The network will run 24-hours, seven-days-a-week on eight CBS stations (in Houston, Philadelphia, Detroit, Tampa, Baltimore, Charlotte, Riverside and Las Vegas). Scores of Cumulus (CMLS, N/R) stations and other CBS stations will also run network programming. Cumulus will be responsible for syndication and ad sales using its existing sales teams.

CBS management believes the market for sports network radio advertising to be worth $150 million of revenue, part of what we estimate will be a $1.3 billion network radio sector this year. Far and away the dominant player in this business is Disney’s (DIS, N/R) ESPN. Other key sellers of advertising in context of sports content on radio include Dial Global (WWON, N/R), which currently owns the former Westwood One network among its properties.

This effort should be only minimally cannibalistic. Sales teams in any given city will likely continue capturing the ad revenues they were already generating as long as they can fulfill marketer goals with inventory on other stations or programming sold by the CBS radio sales team. The revenue from inventory contributed to a national pool will then capture money from an essentially different market, leading to potential incremental growth for CBS.

One limitation to the effort will be the separation of sales responsibilities between CBS and Cumulus. Sports marketing is uniquely holistic, with marketer/agency rhetoric matching reality. Media owners selling ads associated with sports are generally better able to sell across media platforms than they can with other content. We believe that this bundling has contributed significantly to ESPN’s success with radio to date. A second limitation will relate to content rights that CBS may have or secure in the future, as other entities such as Dial Global or SiriusXM (SIRI, BUY) may otherwise secure radio rights for themselves.

To this end, maximizing the opportunity for this initiative may ultimately require establishing an integrated sales force covering TV and radio properties or ensuring that sales teams responsible for selling TV properties are appropriately – and perhaps disproportionately – incentivized to bundle the sales of TV inventory with radio. Such bundles can and do work with sports marketing, in contrast to other cross-media sales efforts, where bundles may often only be sold with significant discounts. Concurrently, when CBS negotiates for content rights for its TV networks, the company will need to secure concurrent rights for radio as well.

Radio continues to be challenged for growth by (often inaccurate) perceptions about radio among marketers, agency account directors and media planners as an old or declining medium. Sentiment about radio as an old, declining medium has been reinforced by the traditional radio industry’s failure to embrace newer players (including Sirius, Pandora (P, N/R) and Spotify) as part of what we would call a “competitive fraternity” of legacy station groups. Large sellers of radio inventory must pursue initiatives such as these to capture share of the existing market or otherwise capture budgets that would have gone to other media.

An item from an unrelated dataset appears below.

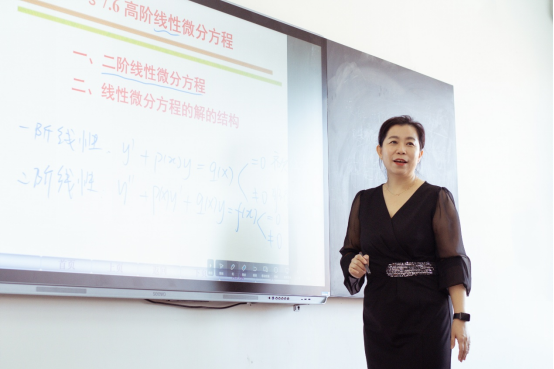 師之典范|一支粉筆書春秋 滿腔熱忱鑄師魂——記遼寧省教學(xué)名師遼寧理工學(xué)院高珊珊教授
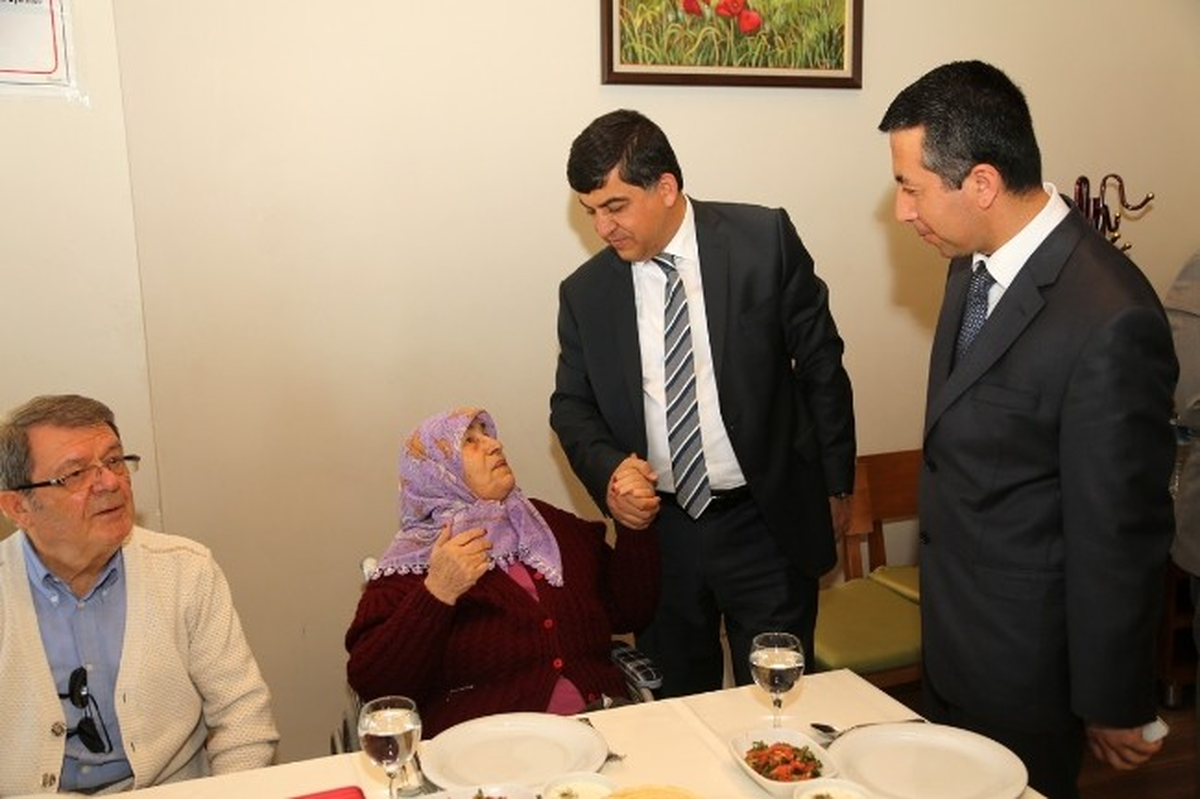 Başkan Fadıloğlu, Huzurevi Sakinleriyle Bir Araya Geldi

VALUATION. We value CBS with a DCF, incorporating a 10.6% near-term discount rate, a 13.6% long-term discount rate and long-term cash flow growth of 4.5%. Our target equates to a 13x 2013 P/E multiple vs. 11x currently.

RISKS include a partial dependence on public policies which favor broadcast station licensees, the hit-driven nature of producing television programming, and the prevalence of misguided perceptions around the “death” of TV advertising.”